§ **What to produce**
Could you print exactly the lines from the one that contains "Additional image 18 of 153 Goulding Ave" to the end of the data, both ends included, and nothing else? Skip the pictures.

*** Task inputs Section Begins ***

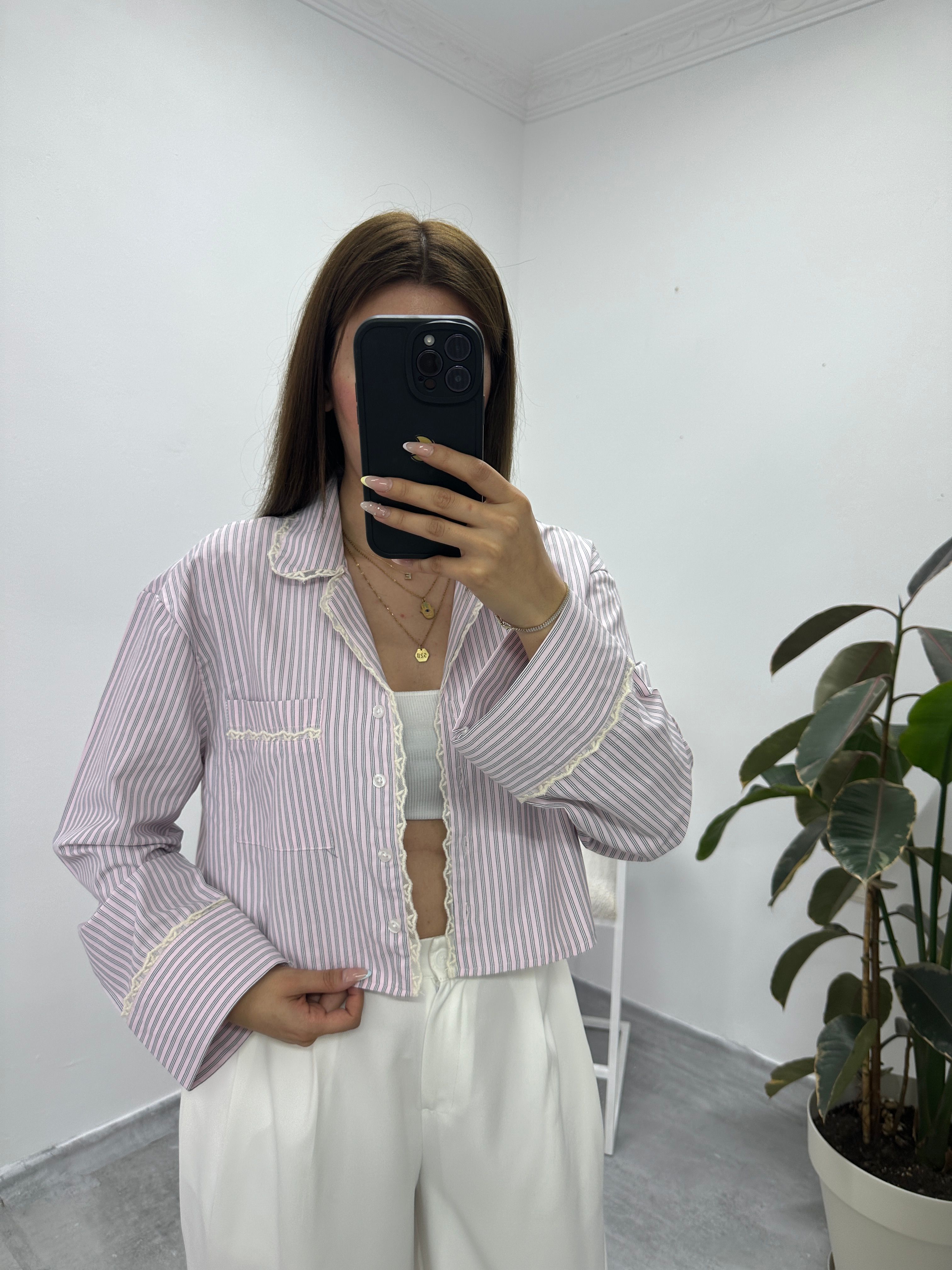 Pembe Çizgili Güpür ve Cep Detaylı Crop Gömlek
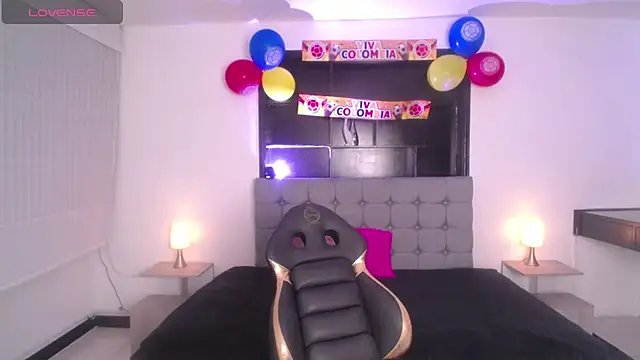 Sweett liia  online show from July 9, 2026, 7:29 pm
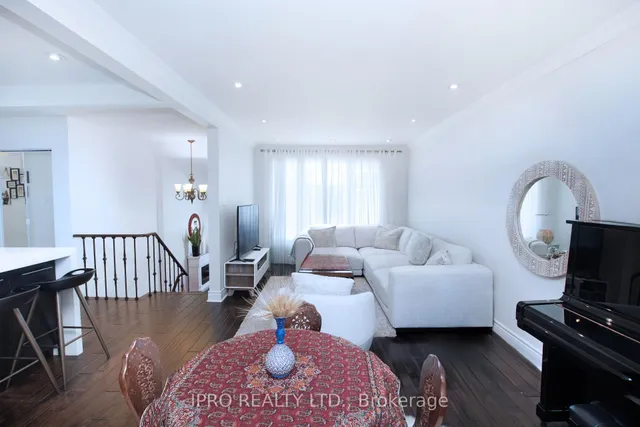 Additional image 18 of 153 Goulding Ave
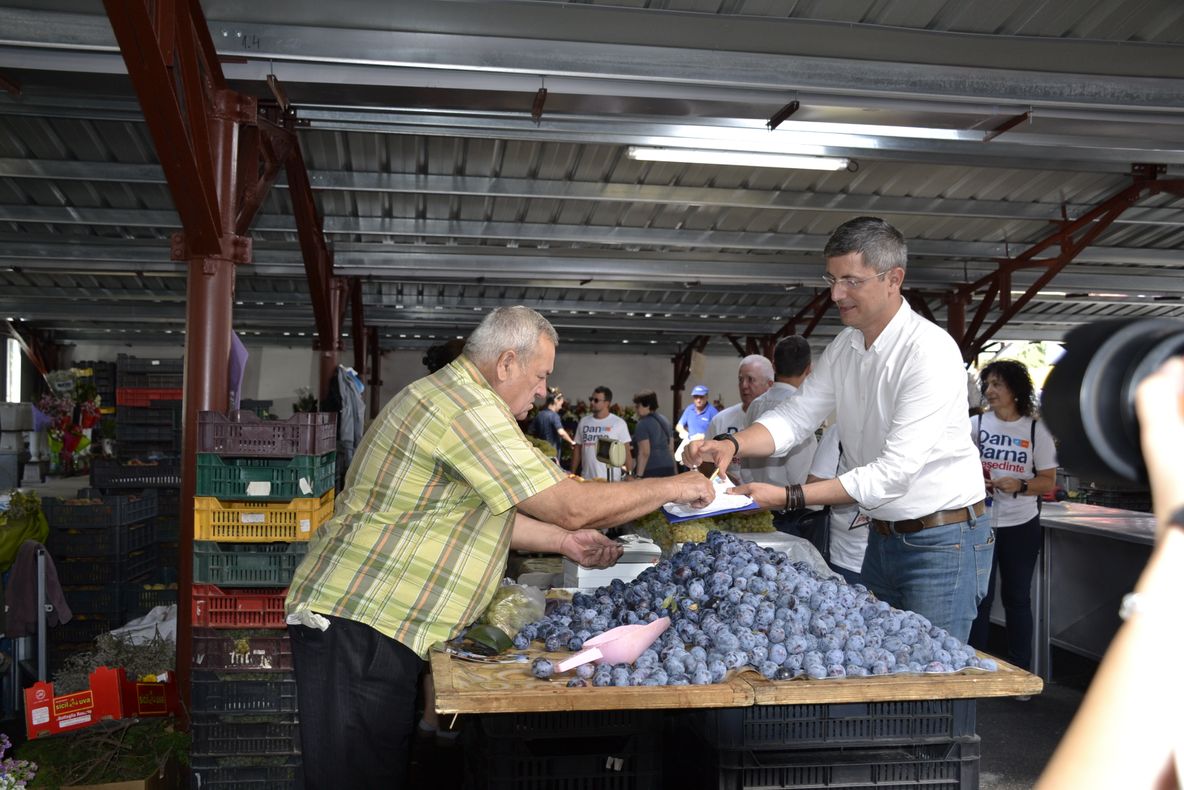 Liderul USR, Dan Barna, la Bistrița, în plină campanie de strângere de semnături pentru susținerea candidaturii sale la alegerile prezidențiale (FOTO/VIDEO)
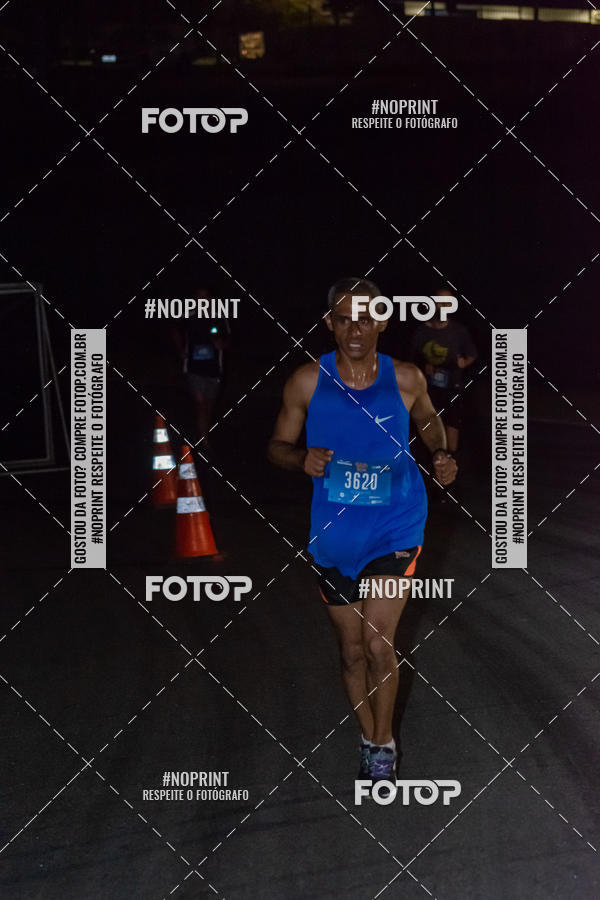Buy your photos of the eventUP Night Run 2019 - So Paulo on Fotop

*** Task inputs Section Ends ***

§ **Your solution**
 Additional image 18 of 153 Goulding Ave
 Liderul USR, Dan Barna, la Bistrița, în plină campanie de strângere de semnături pentru susținerea candidaturii sale la alegerile prezidențiale (FOTO/VIDEO)
Buy your photos of the eventUP Night Run 2019 - So Paulo on Fotop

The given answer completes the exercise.